* [TASK TO CARRY OUT] Begin at the line below that holds "To configure your" and end at the line that holds "To find missing", transcribing each line exactly and skipping any picture.
BEGIN RECORDS SHOWN
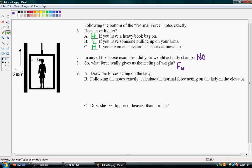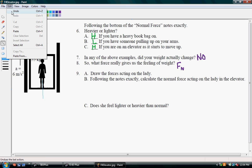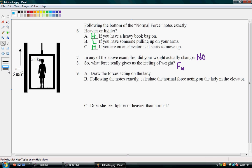Draw the forces acting on this lady. Is she on earth? Yes. So she's going to have the force of weight. And she's also standing on this surface, so she has a normal force being exerted on her as well. So: force of weight, normal force.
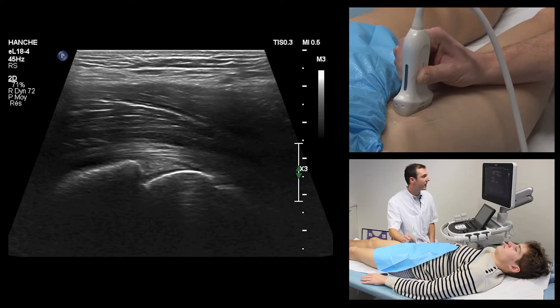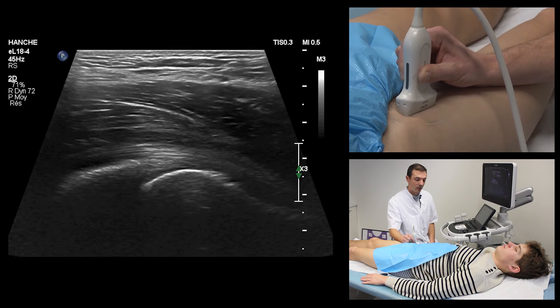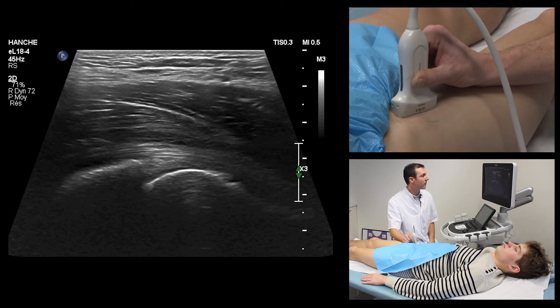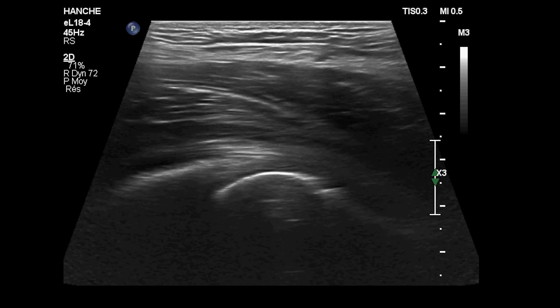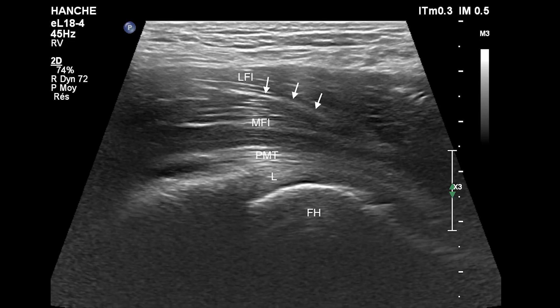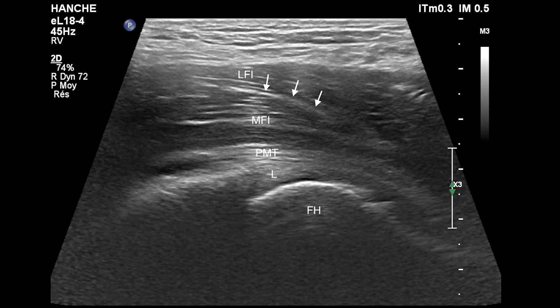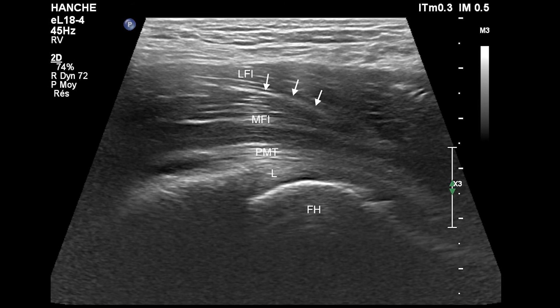Next, two main sagittal planes are also useful to explore the iliopsoas muscle. A sagittal oblique view in front of the hip allows display of the anterior aspect of the coxofemoral joint and the psoas muscular tendinous junction. The psoas major tendon appears as a longitudinal, hypoechoic and fibrillar structure lying on the bony cortical acetabular rim above the anterior labrum and articular recess. The psoas major tendon is covered by the medial and lateral fibers of the iliacus, separated by the intramuscular fascia of the iliacus muscle. This is the main site of traumatic iliopsoas muscle injuries.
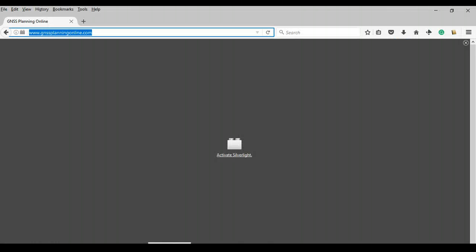Hello and welcome to this tutorial on the Trimble GNSS online planning tool. This tutorial is part of a three-part article which provides much of the background required to use this software. The article can be accessed using the link provided in the description of this video.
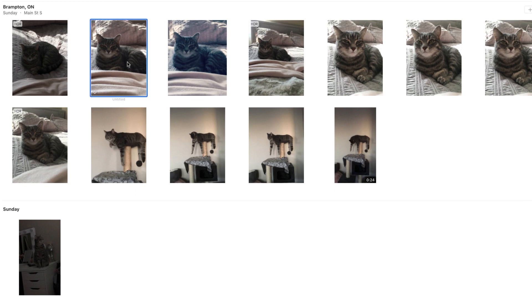To select multiple images, hold down the Ctrl key on your keyboard and click the other photos or videos you want to select.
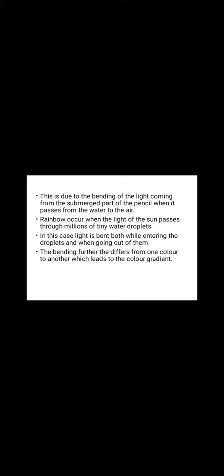The bending further differs from one color to another, which leads to the color gradient. In fact, the light of the sun is bent by a precise angle for each color, and this is why it forms an arc.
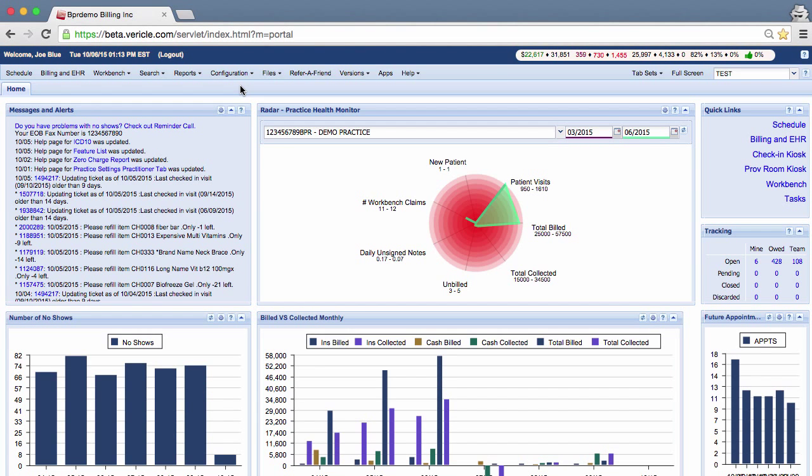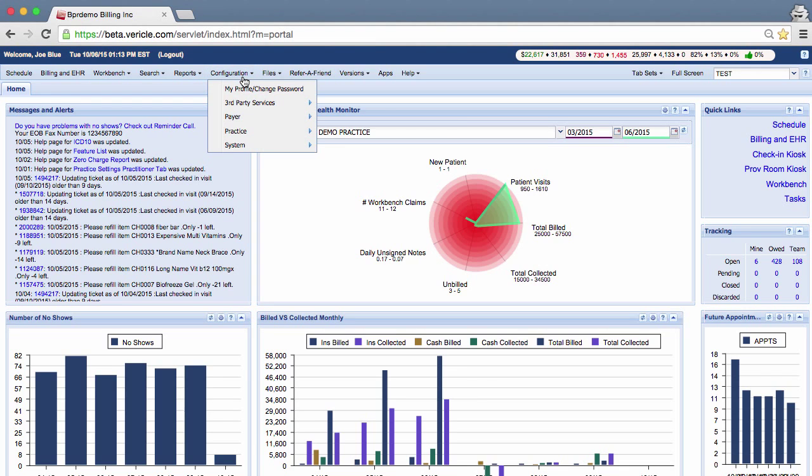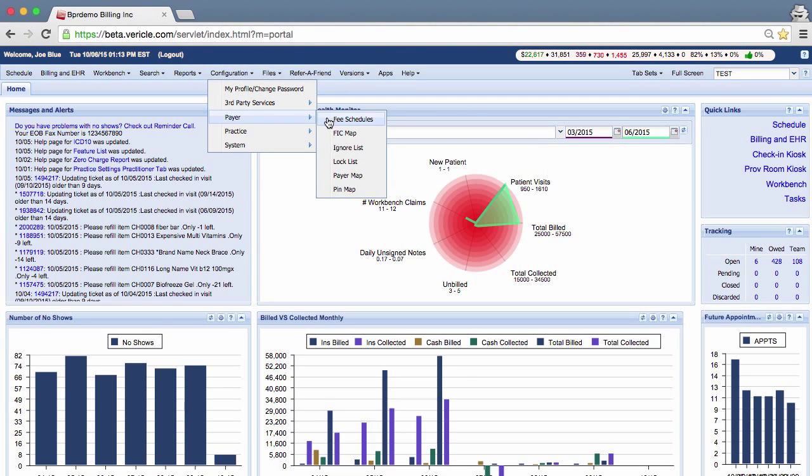To configure your fees, click on configuration, then payer, and then fee schedules.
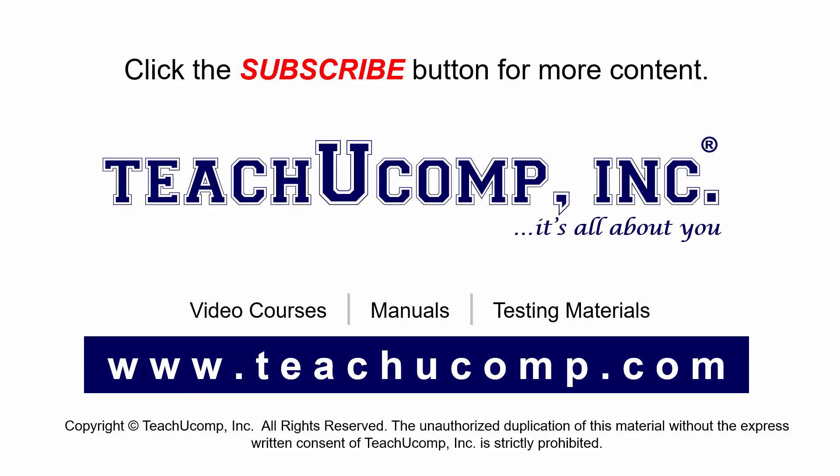Remember to click the Subscribe button to see more of our videos. Get ad-free courses at teachucomp.com.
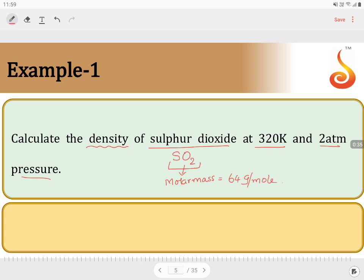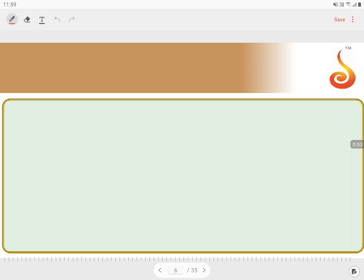Keep this molar mass as a standard value. Now, the first thing we need to understand is how to find the density for sulfur dioxide at the given conditions: temperature 320 Kelvin and 2 atmospheric pressure. For such questions, we use the basic formula for calculating density from the combined gas equation. The combined gas equation is PV = nRT.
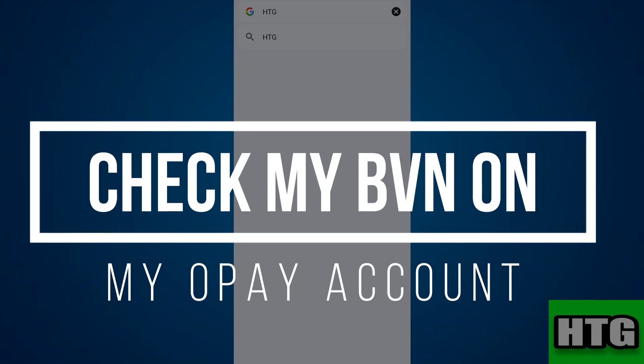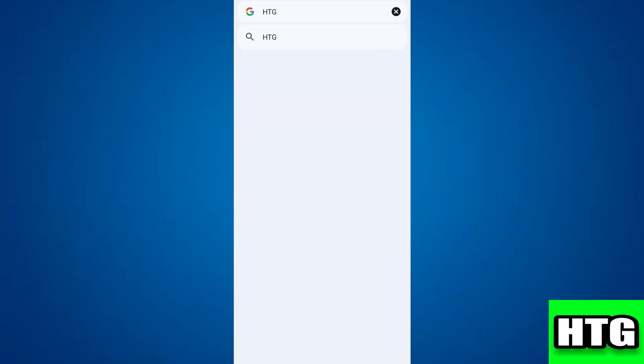How to check my BVN on my Opay account. Hey guys, in this video I'm going to show you how you can check your BVN on your Opay account. Make sure to watch this video till the end.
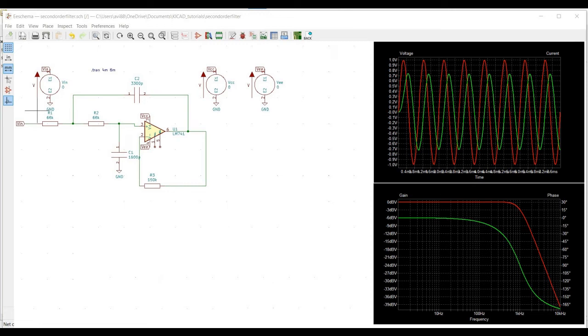Welcome to this channel. In this tutorial, we would be designing and simulating a second order low pass filter circuit using the gEDA tool.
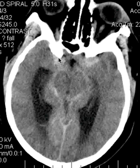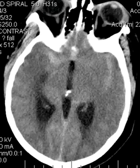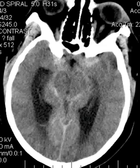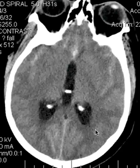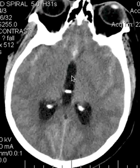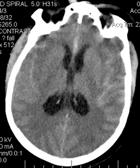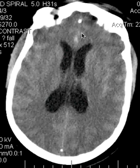Going up a little bit higher — there's the interpeduncular cistern. You have high attenuation material, and that's blood hemorrhage, in the quadrigeminal cistern and lateral parts of which are sometimes called the ambient cistern. You see blood in the subarachnoid space of the sylvian fissures bilaterally. Here you see a little bit creeping into one of the sulci in the inferior frontal lobe, and there's also some blood tracking in the interhemispheric fissure anteriorly.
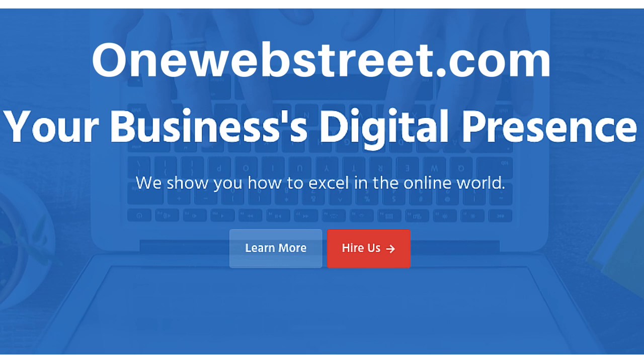Be sure to check out onewebstreet.com for more information and tutorials on different methods to elevate your business's online digital presence. My name is Nathan. Thanks for watching and hope to see you again soon.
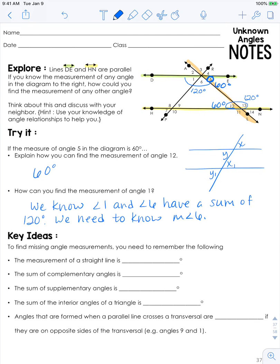To find missing angle measurements, remember the following: the measurement of a straight line is 180 degrees; the sum of complementary angles is 90 degrees; the sum of supplementary angles is 180 degrees. You also need to know that the sum of the interior angles in a triangle is 180 degrees, and angles formed when parallel lines cross a transversal are congruent — meaning equal — if they are on opposite sides of the transversal.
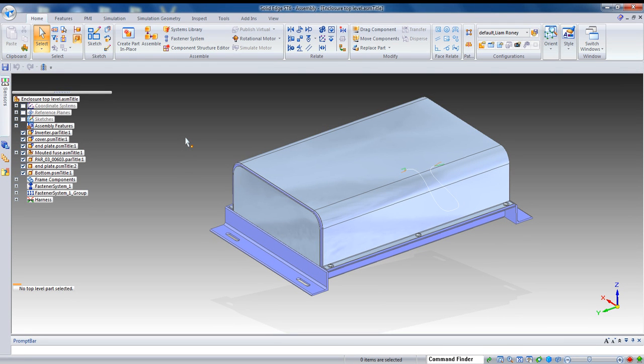Oftentimes, when you're part of a collaborative design environment, you're going to be asked to share a 3D model with maybe a customer or some other third party.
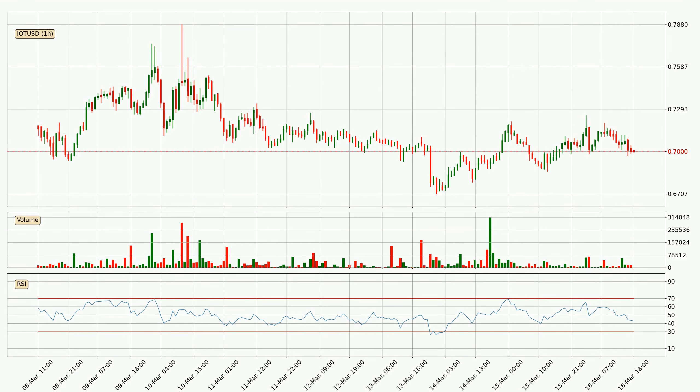Moving to the hourly relative strength index, the current hourly RSI is at 43, so it doesn't show signs of overbought or oversold conditions at this point.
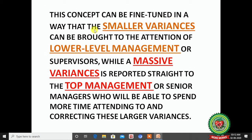This concept can be fine-tuned so that smaller variances are brought to the attention of lower-level management or supervisors. In case of massive variances, the matter is reported to top management or senior managers, who are better able to spend more time attending to and correcting these large variances. Top management then provides a solution on how to remove the error.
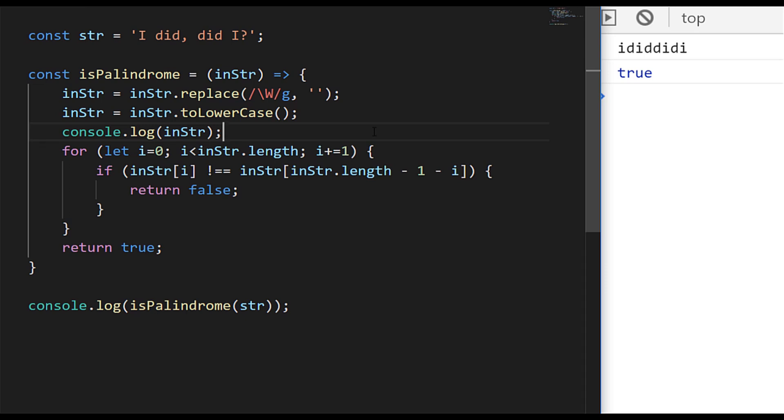So using the for loop is fine, especially if you've been given a task where you can't use any built-in functions. But there's an even simpler way of doing it without having to actually go through the for loop and do that check. And because by very definition a palindrome is the same string forwards as it is backwards, we can literally just reverse the string once we've got rid of all the characters and put it into lowercase and check if the reversed version is exactly the same as the input version.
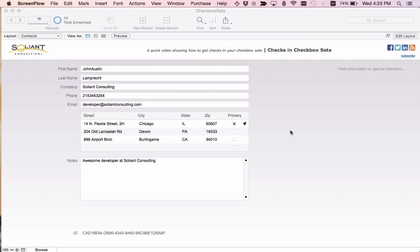Right now we're on the contacts layout that shows basic contact information for each contact record. In this area we have address information associated with the contact. At the right of the portal, we have a checkbox that indicates which one is our primary address for this contact.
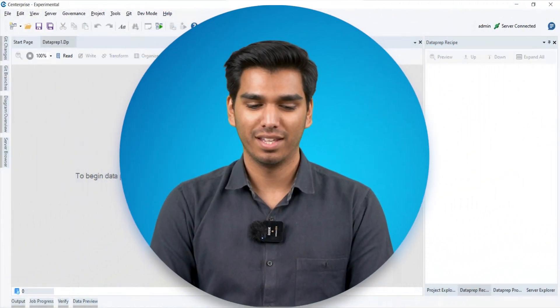Hi, my name is Bilal and today I'm going to show you how you can use Astera Dataprep to perform complex data preparation tasks that usually take hours in a matter of minutes.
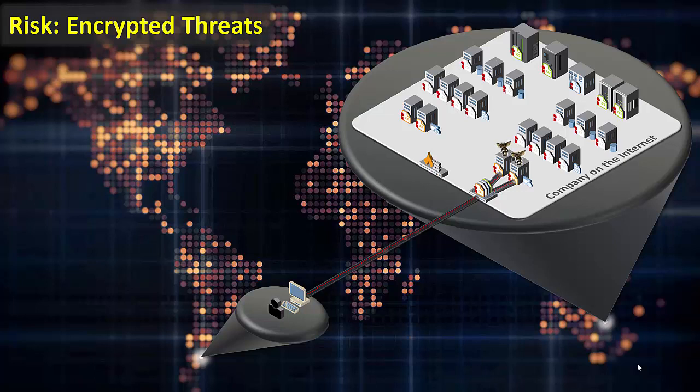However, the data attackers seek is not at the edge of organizations' networks, so they must continue to probe and move to other systems until they find the data that they seek. If an organization uses TLS for security internally, the attacker can continue to hide their malicious activities as they move from system to system within an organization.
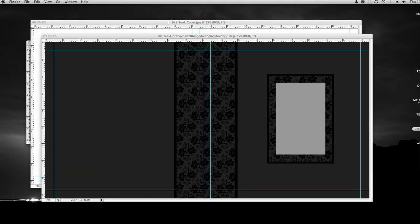Hi, this is a tutorial on how to use my Black Floral Spine 8x8 Hinged template with placeholder along with the White House Custom Color 8x8 book cover template.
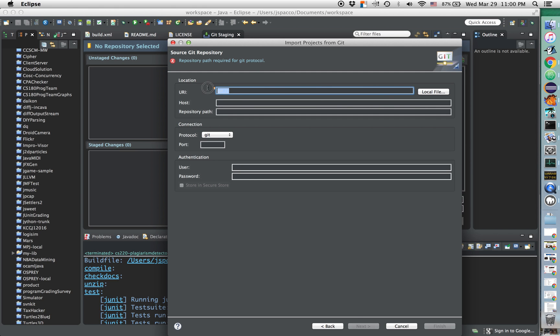Now, take that address that you just copied from GitHub, paste it in here, and it'll actually fill out the rest of the information.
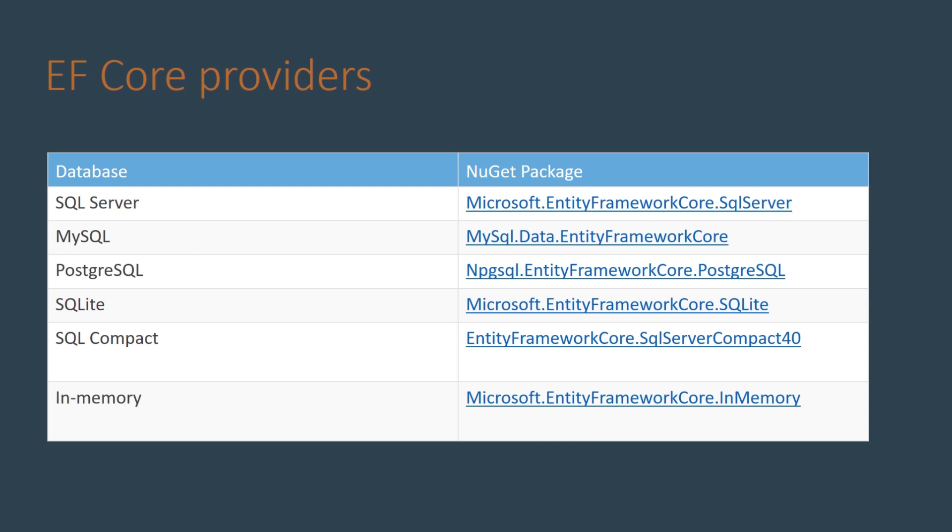As you can see here the EF Core handles mainly SQL relational databases and does not handle NoSQL database systems such as MongoDB. In other videos we'll be doing a demo to connect to a MongoDB database.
END RECORDS SHOWN
* [EXERCISE RESULT]
To configure your fees, click on configuration, then payer, and then fee schedules.
Remember to click the Subscribe button to see more of our videos. Get ad-free courses at teachucomp.com.
Keep this molar mass as a standard value. Now, the first thing we need to understand is how to find the density for sulfur dioxide at the given conditions: temperature 320 Kelvin and 2 atmospheric pressure. For such questions, we use the basic formula for calculating density from the combined gas equation. The combined gas equation is PV = nRT.
How to check my BVN on my Opay account. Hey guys, in this video I'm going to show you how you can check your BVN on your Opay account. Make sure to watch this video till the end.
Welcome to this channel. In this tutorial, we would be designing and simulating a second order low pass filter circuit using the gEDA tool.
Going up a little bit higher — there's the interpeduncular cistern. You have high attenuation material, and that's blood hemorrhage, in the quadrigeminal cistern and lateral parts of which are sometimes called the ambient cistern. You see blood in the subarachnoid space of the sylvian fissures bilaterally. Here you see a little bit creeping into one of the sulci in the inferior frontal lobe, and there's also some blood tracking in the interhemispheric fissure anteriorly.
Be sure to check out onewebstreet.com for more information and tutorials on different methods to elevate your business's online digital presence. My name is Nathan. Thanks for watching and hope to see you again soon.
To find missing angle measurements, remember the following: the measurement of a straight line is 180 degrees; the sum of complementary angles is 90 degrees; the sum of supplementary angles is 180 degrees. You also need to know that the sum of the interior angles in a triangle is 180 degrees, and angles formed when parallel lines cross a transversal are congruent — meaning equal — if they are on opposite sides of the transversal.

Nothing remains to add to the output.